Weisen Freiberufler oder Unternehmer festverzinsliche Wertpapiere in der Bilanz auf, dürfen sie keine Teilwertabschreibung wegen voraussichtlich dauernder Wertminderung vornehmen, was ihren Steuergewinn reduzieren würde. Denn nach einem vom BFH am 17.08.2011 veröffentlichten Urteil verbriefen Anleihen regelmäßig eine Forderung in Höhe des Nominalwerts der Papiere. Der jeweilige Inhaber hat dabei das gesicherte Recht, am Ende der Laufzeit diesen Nominalwert zurück zu erhalten. Diese Sicherheit hat er an jedem Bilanzstichtag, und zwar unabhängig davon, ob zwischenzeitlich infolge bestimmter Marktgegebenheiten wie Zinsschwankungen der Kurswert der Papiere unter dem Nennwert liegt.

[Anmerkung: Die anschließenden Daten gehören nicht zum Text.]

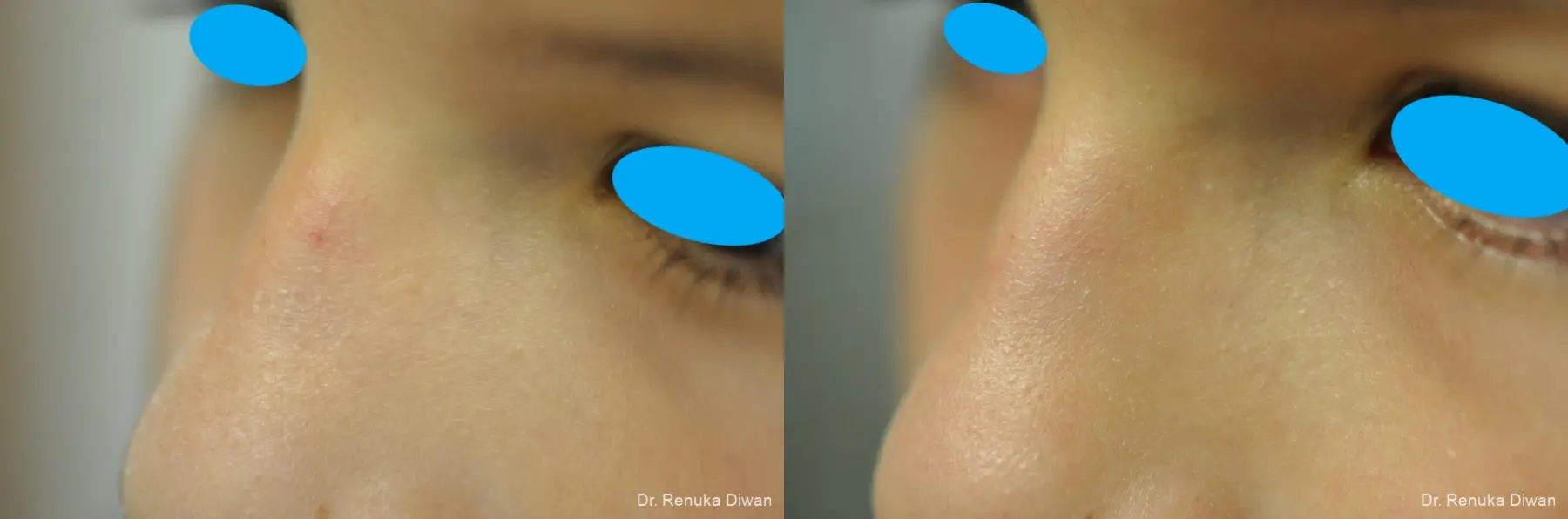 Laser For Veins And Redness: Patient 30 - Before and After 1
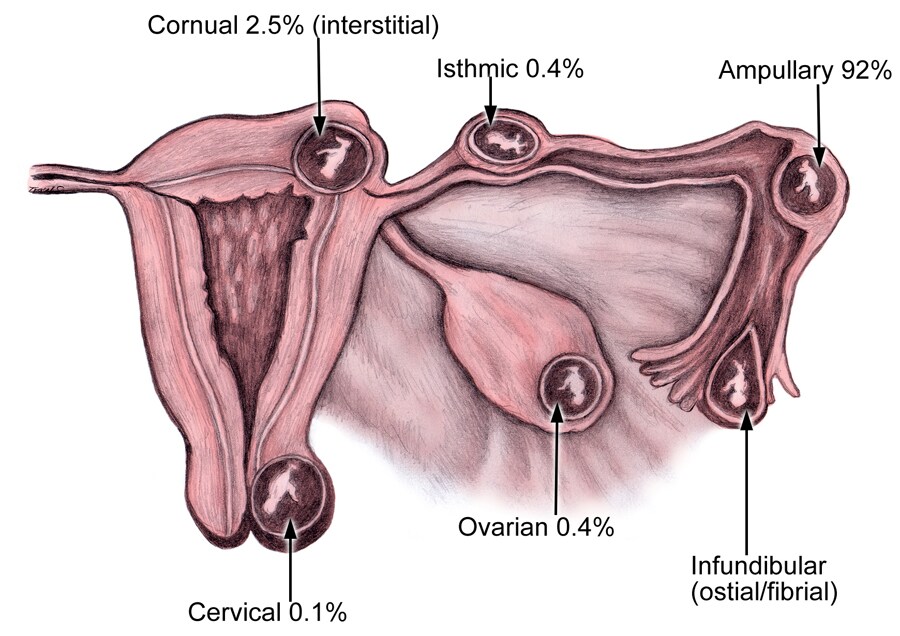 Sites of ectopic pregnancies.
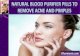 Natural Blood Purifier Pills To Remove Acne And Pimples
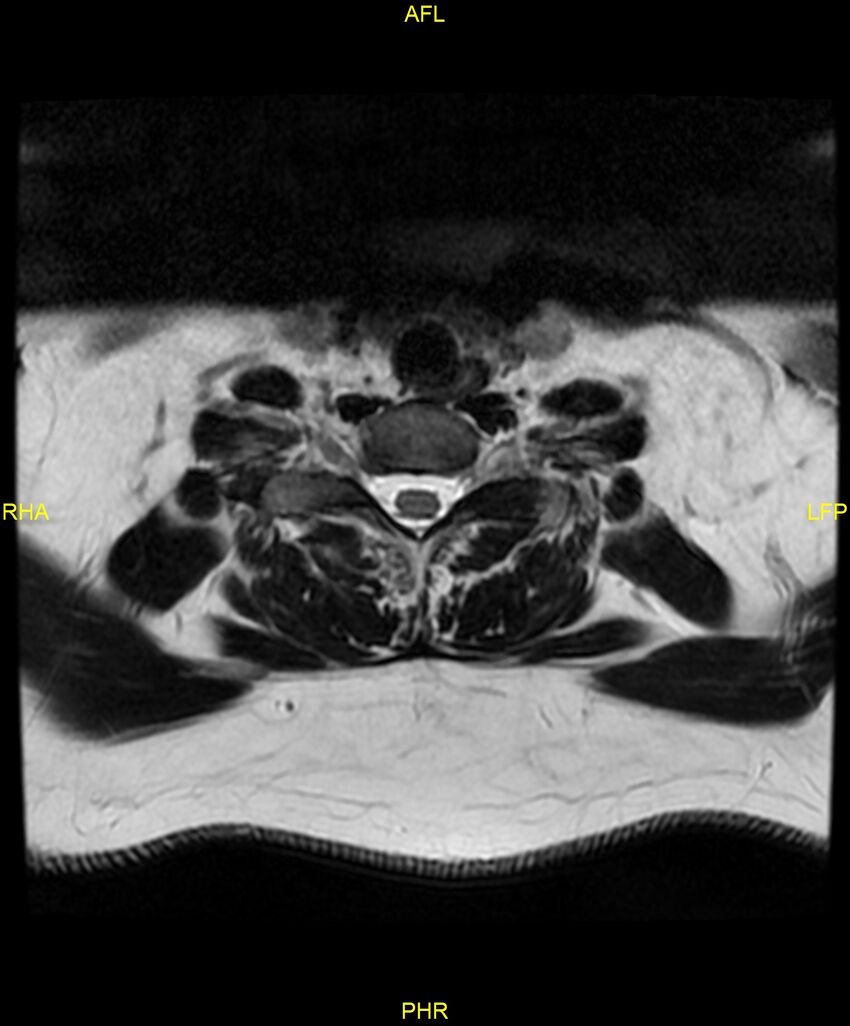 Cervical disc protrusion (Radiopaedia 87147-103415 Axial T2 65).jpg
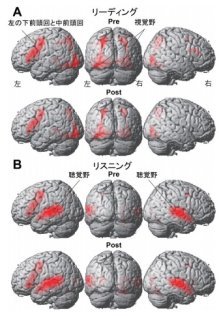 語学留学の脳科学的効用～外国語の習得によって言語野や感覚野の脳活動に変化～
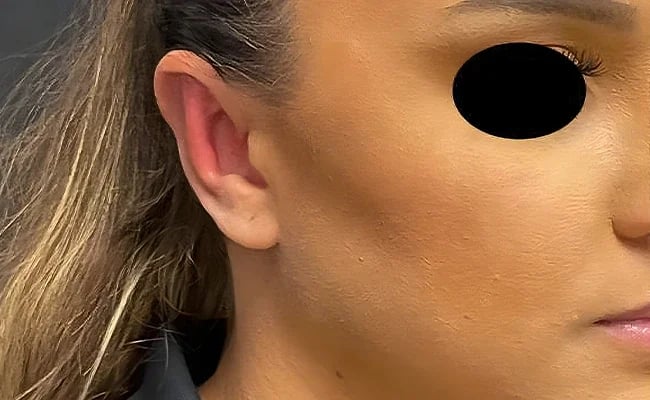 Ear Surgery after surgery – Murrieta Facial Plastic Surgery, case 1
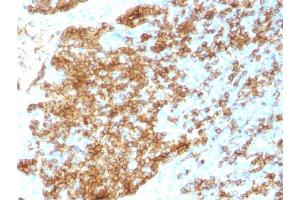 Formalin-fixed, paraffin-embedded human Tonsil stained with CD45RB Rabbit Recombinant Monoclonal Antibody (PTPRC/1783R). (Recombinant CD45 抗体)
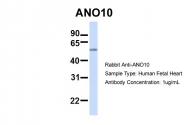ARP47389_P050 - ANO10 / TMEM16K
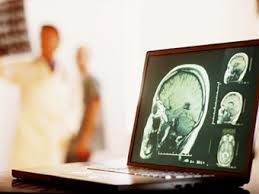 Можно ли вылечить рак головного мозга?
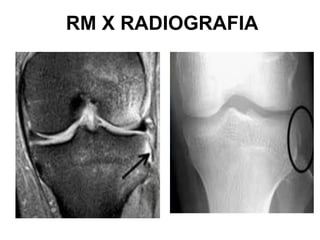 RM X RADIOGRAFIA
 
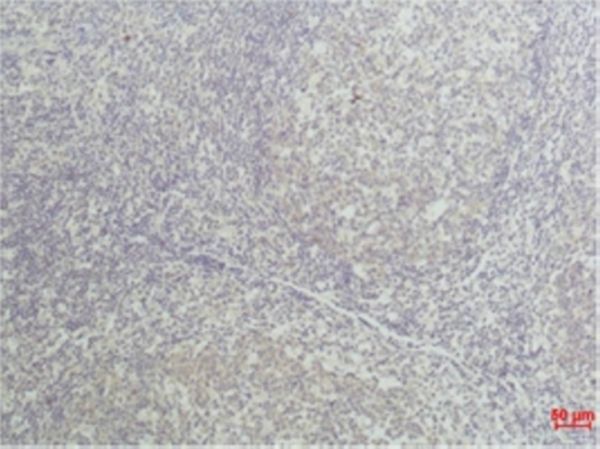 TNF α Monoclonal antibody(Q34)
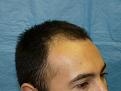 Click image for larger version

Name:	pre-op 04.jpg
Views:	424
Size:	46.2 KB
ID:	452874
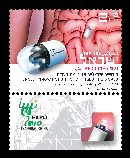 Stamp:Medicine - Medical Devices (Israeli Innovations that Changed the World - Expo 2010 Shanghai, China), designer:Meir Eshel 04/2010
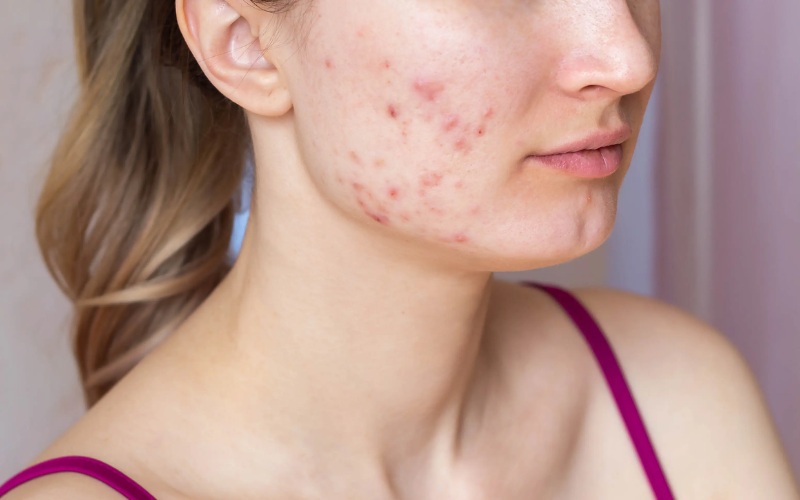 Mụn viêm sưng đỏ cần can thiệp lấy nhân chuẩn y khoa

Ein unter den Einstandspreis gefallener Börsenkurs ergibt sich also nur unter diesem zeitlichen Blickwinkel. Dieser ergibt kein Risiko hinsichtlich der späteren vollen Rückzahlung und ist daher nur vorübergehend. Etwas anderes kann sich jedoch ergeben, wenn der Kurs aus dem Grund fällt, weil erhebliche Zweifel an der Bonität des Schuldners bestehen. Selbst bei Titeln in Fremdwährung mit noch langer Restlaufzeit wie beispielsweise von zehn Jahren kommt diese Teilwertabschreibung nicht in Betracht. Denn auch hier ist davon auszugehen, dass sich Währungsschwankungen in der Regel später bis zum Ende der Laufzeit wieder ausgleichen und zwischenzeitliche Wechselkursveränderungen nur vorübergehend ein Absinken des Kurses ausgelöst haben. Wenn das schon bei Wertpapieren in Fremdwährung nicht möglich ist, wo Devisenverluste bei Fälligkeit durchaus denkbar sind, muss das erst recht bei Anleihen gelten, die in Euro notieren. Hier ist nämlich – abgesehen von der Gefahr einer Zahlungsunfähigkeit des Schuldners – eine Rückzahlung in voller Höhe sogar sicher, betonten die Richter. Ganz anders sieht die Steuersituation hingegen für den Kursverfall bei im Anlagevermögen gehaltenen börsennotierten Aktien aus. Hier ist Teilwertabschreibung erlaubt und Selbstständige können vor dem Verkauf eine Gewinnminderung berücksichtigen. Anleihen sind aber mit Aktien nicht vergleichbar. Während bei Festverzinslichen die spätere Einlösung zu einem bestimmten Wert sichergestellt ist, muss der Inhaber einer im Wert gesunkenen Aktie damit rechnen, dass der gesunkene Kurs auf Dauer anhalten oder sich sogar noch vergrößern wird. Hinweis: Die Teilwertabschreibung gelingt auch mit bilanzierten Investmentfonds, sofern die eine Aktienquote von mindestens 50,1 Prozent aufweisen.